### [RECORDS PROVIDED]
—————
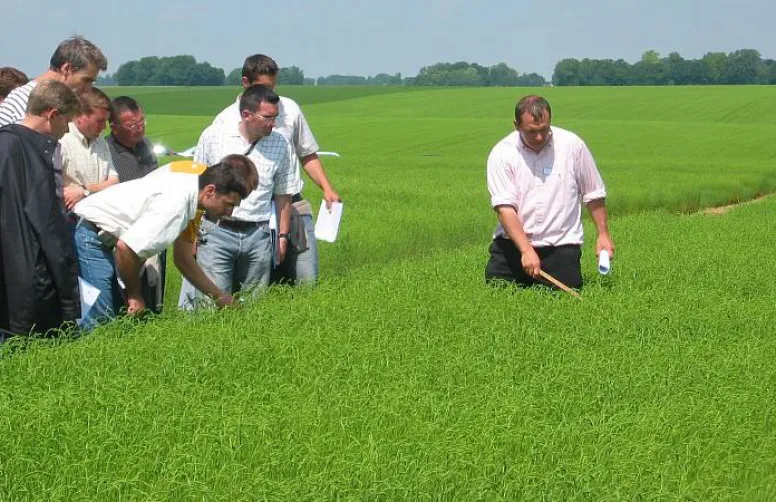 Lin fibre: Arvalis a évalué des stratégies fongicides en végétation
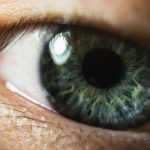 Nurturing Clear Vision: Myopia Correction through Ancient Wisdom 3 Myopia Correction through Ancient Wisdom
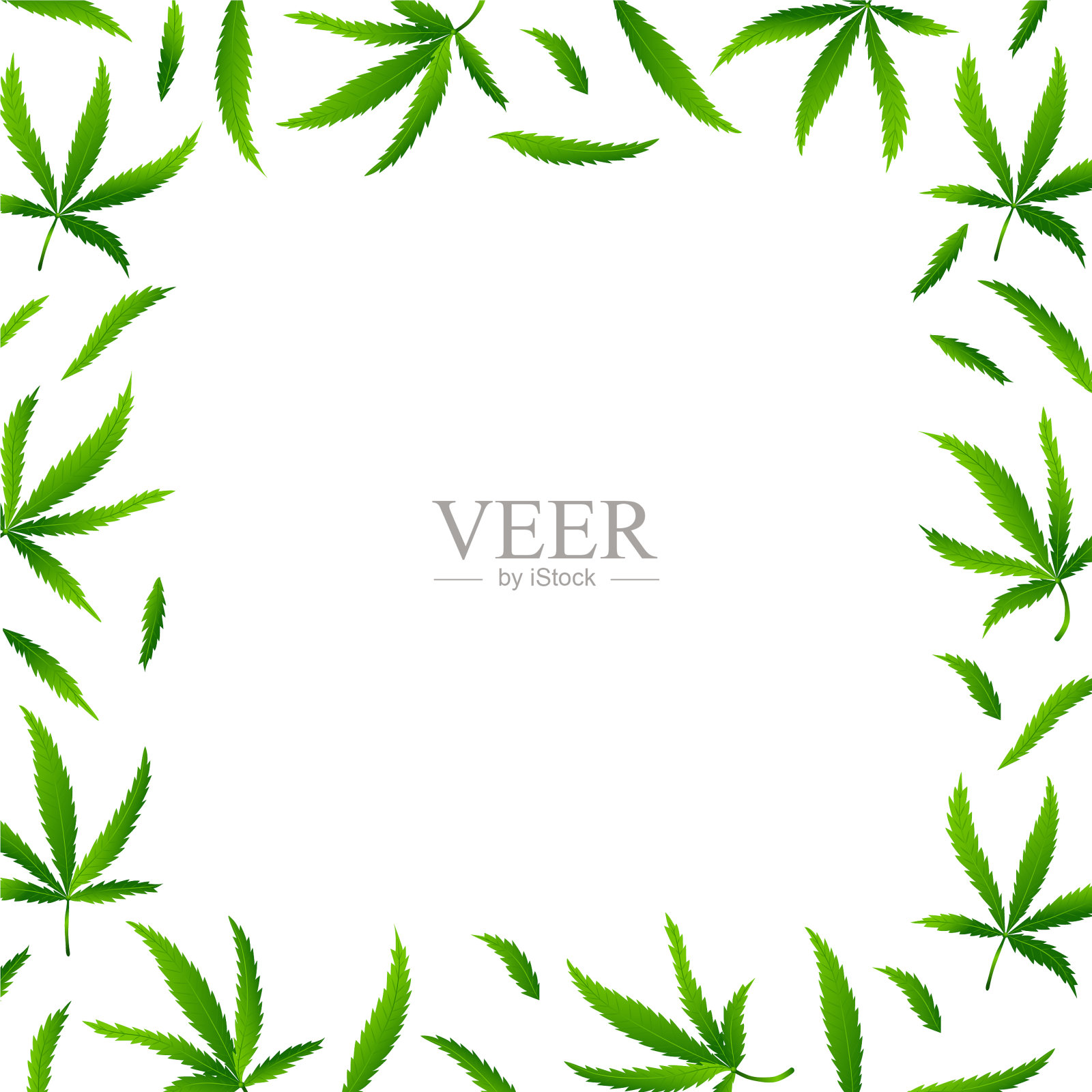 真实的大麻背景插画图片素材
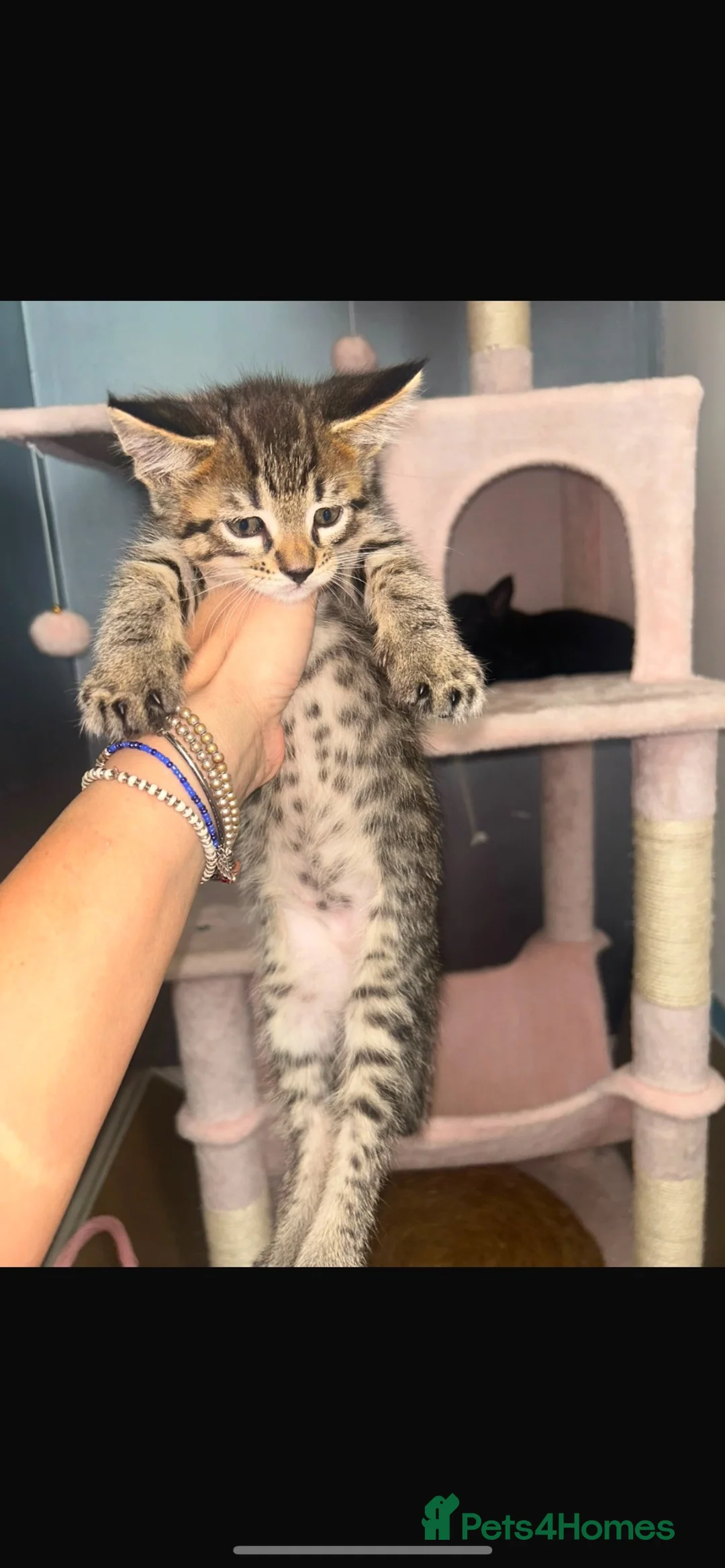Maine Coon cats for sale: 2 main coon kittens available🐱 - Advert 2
—————
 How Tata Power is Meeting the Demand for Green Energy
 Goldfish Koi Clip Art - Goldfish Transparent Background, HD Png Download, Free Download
—————
### [TASK OBJECTIVE]
Only one stretch of the entries above is needed: the lines from the one containing "Lin fibre: Arvalis" through the one containing "Maine Coon cats". Copy it exactly, without the pictures.

### [REPLY TO THE EXERCISE]
 Lin fibre: Arvalis a évalué des stratégies fongicides en végétation
 Nurturing Clear Vision: Myopia Correction through Ancient Wisdom 3 Myopia Correction through Ancient Wisdom
 真实的大麻背景插画图片素材
Maine Coon cats for sale: 2 main coon kittens available🐱 - Advert 2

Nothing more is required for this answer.